Кржижановский, получивший от меня яблоко, впоследствии подсмеивался надо мной, утверждая, что я действовала методом Евы. В то утро мы договорились о первой литературной программе: Саша Черный и Андрей Белый. Этих поэтов я мало знала и потому попросила разрешения достать книги и познакомиться с ними. Кржижановский объяснил мне свой замысел и основные положения доклада. Мне надо было согласовать с ним отобранный материал. Поэты были мне не очень близки, но я страстно хотела, чтобы вечер прошел удачно, как в конце концов и произошло. Очень важным событием для меня было укрепившееся в процессе работы над этой программой знакомство с молодым композитором, с человеком разносторонне образованным и замечательным организатором Анатолием Константиновичем Буцким. Он вошел в наш вечер в качестве пианиста, так как Кржижановскому казалось, что включенные в программу 'Сарказмы' Прокофьева помогут раскрыть тему.
Успех привел к тому, что был объявлен цикл литературных вечеров, получивший название 'Сказка- складка'. А. К. стал нашим неизменным участником и даже предоставил для концертов зал в помещении Государственного музыкально-драматического института, директором которого он к тому времени был назначен.
Первый вечер цикла мне был особенно дорог.
Это была сказка Адальберта Шамиссо 'Чудесная история Петера Шлемиля'. В сказку я сразу влюбилась. Меня волновал ее философский смысл, мастерское развитие сюжета, трагическая биография автора. Исполнительская задача была трудной: я впервые читала прозу, читала наизусть два с половиной часа. Сигизмунд Доминикович в процессе работы помог мне разобраться в философском и политическом значении сказки, в ее стилистических особенностях. На вечере он великолепно рассказал о Шамиссо и его трагической судьбе, и хотя сюжет сказки был не связан, или, вернее, лишь отдаленно связан, с революционной действительностью, аудитория реагировала бурно.
Впоследствии мы несколько раз повторяли сказку, а однажды в каком-то учреждении даже получили за нее три миллиона.
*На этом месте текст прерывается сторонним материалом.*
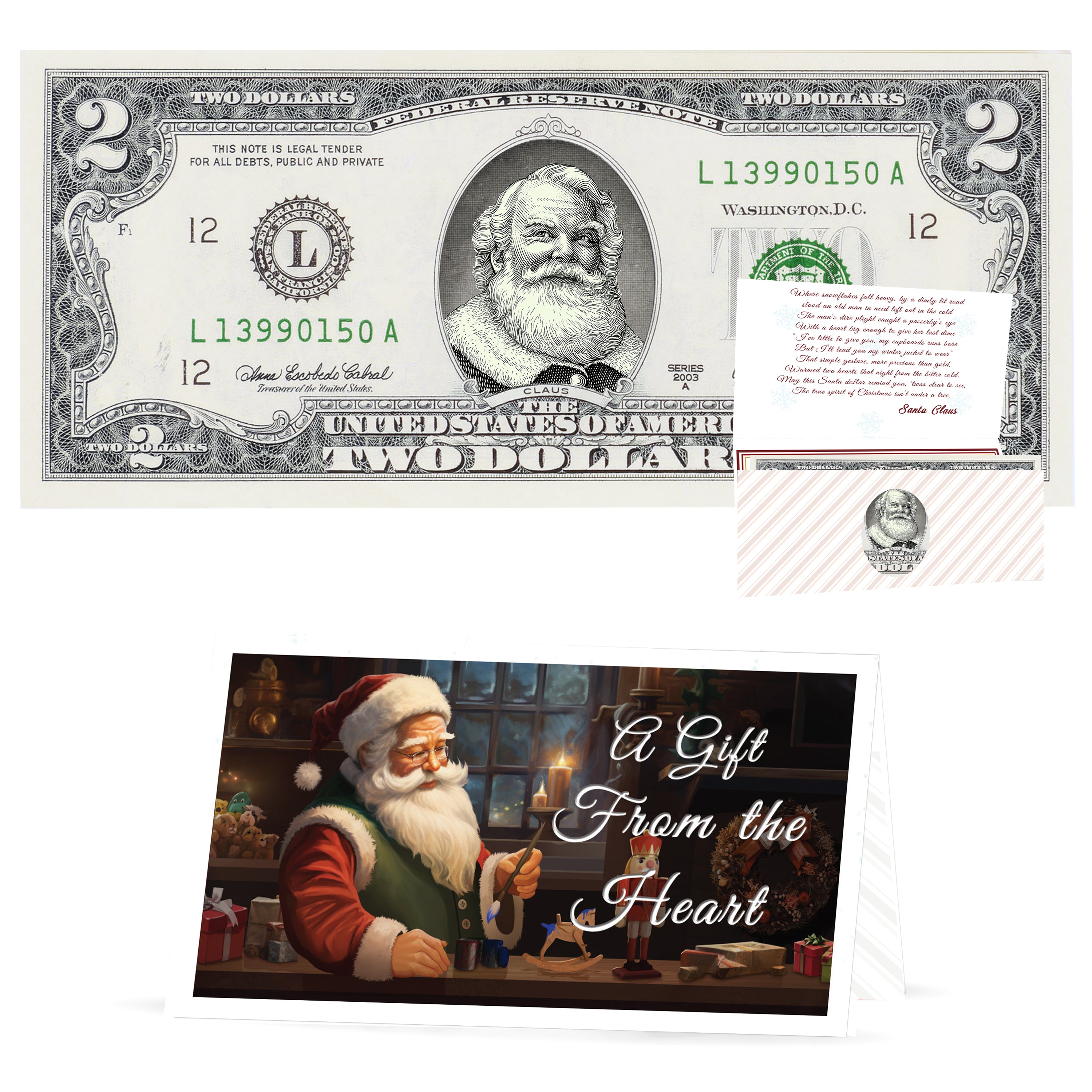 Official Santa Claus $2 Bill. Santa With Twinkle in His Eyes Version. Real USD. Bankable & Spendable. The Gift of Christmas Giving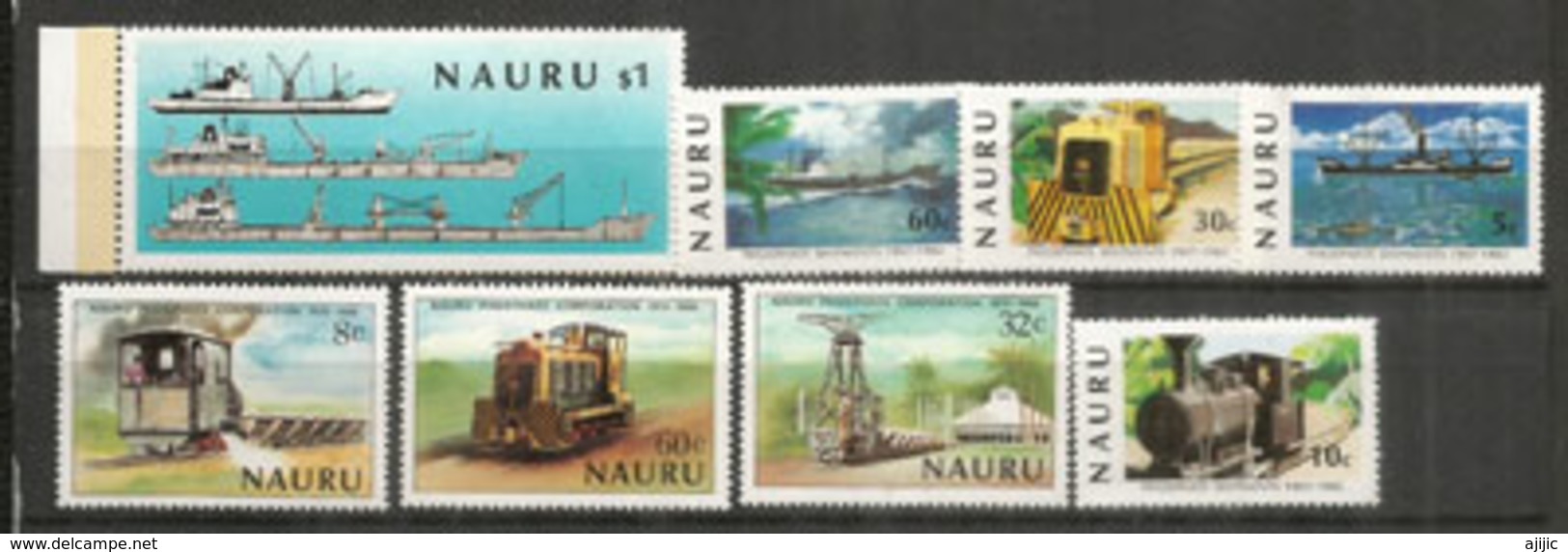 Transports Des Mines De Phosphate à L'île NAURU .  8 Timbres Neufs ** Côte 15 Euro - Minerals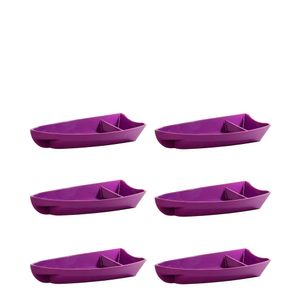 Conjunto de Barca Sushi 600ml 6 Peças Roxo em Polipropileno Linha Tropical VEM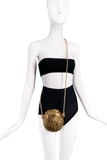 Vintage Gold Minauderie Metal Cross Body Lurex Rope Boho Bag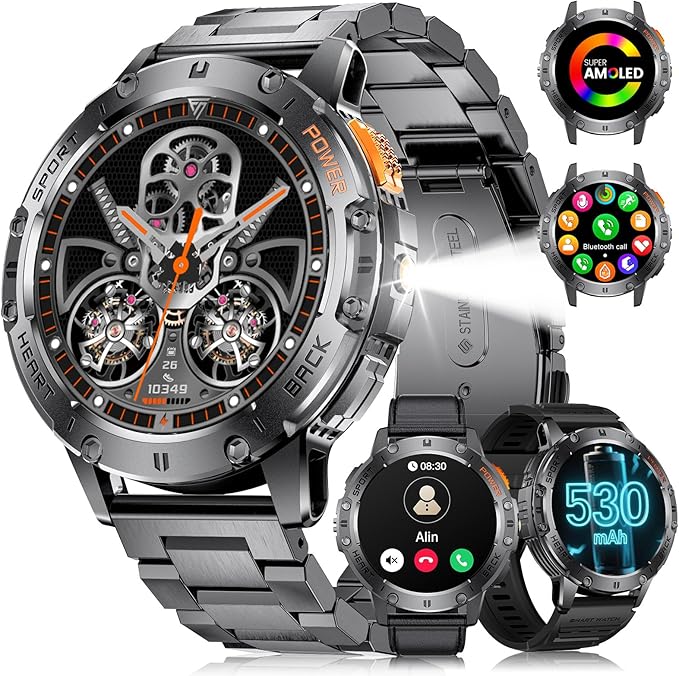 LIGE 1.43" AMOLED Smart Watch for Men with Flashlight, Bluetooth Calling, 100+ Sport Modes, 530mAh, IP68 Waterproof Fitness Tracker for Workout, iOS Android Compatible, Black Steel Black Silicone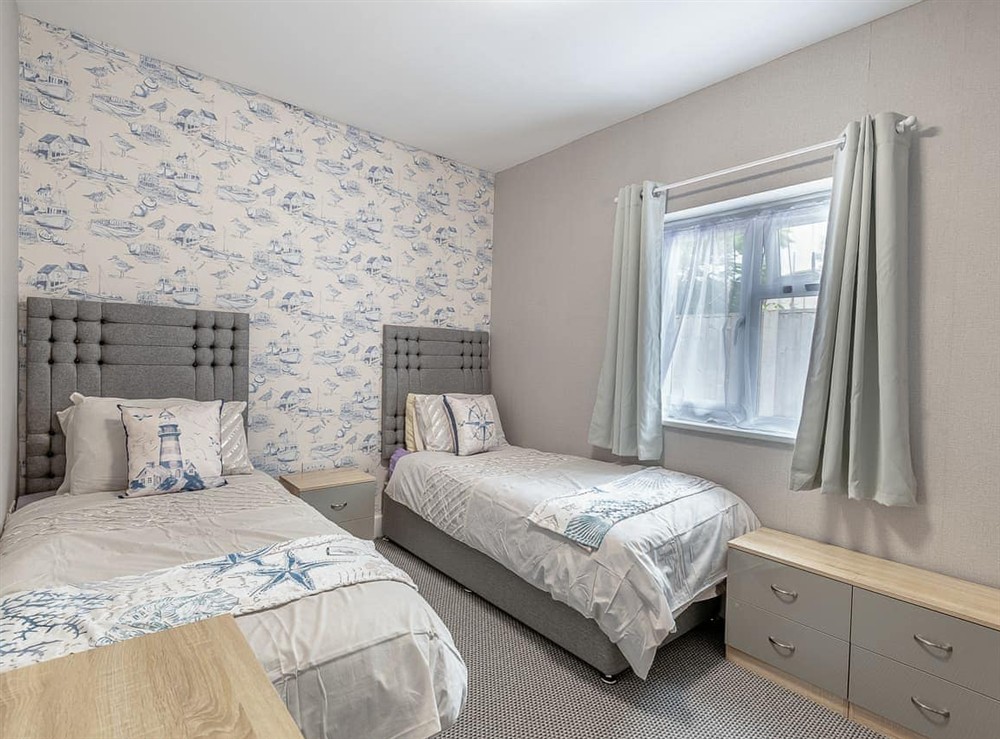 Twin bedroom at Sandy Lodge in Chapel St Leonards, Lincolnshire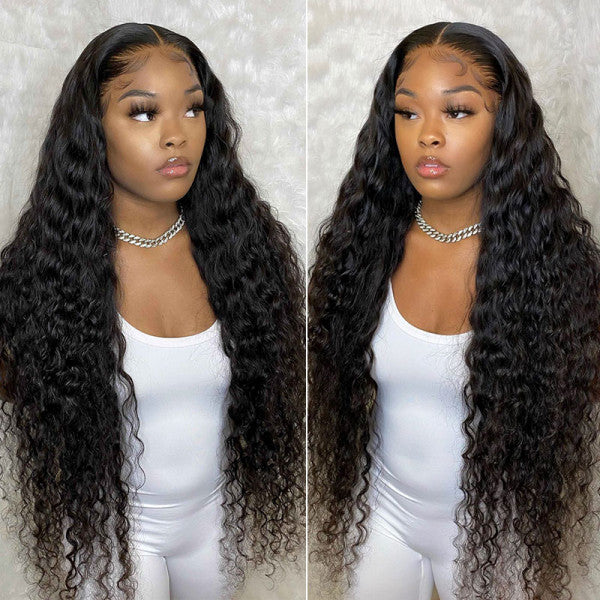 Transparent Lace 5x5 Lace Closure Wig Human Hair Loose Deep Wave Wig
Чувствуя себя несказанными богачами, мы возвращались домой по тихим, пустынным улицам Киева, все трое держались за руки. На небе была полная луна. Набежавшая туча ее обволокла, но один луч прорвался сквозь облачную ткань. Он падал как-то странно, прямо на нас и некоторое время шел за нами. Буцкий запрокинул голову и, глядя вверх, сказал: 'Как знать, может, это душа Адальберта Шамиссо'. Нам хотелось поверить в эту чудесную нелепость, ведь мы были так недавно в сказочной стране, и мы радостно подхватили: 'Ну да, конечно'.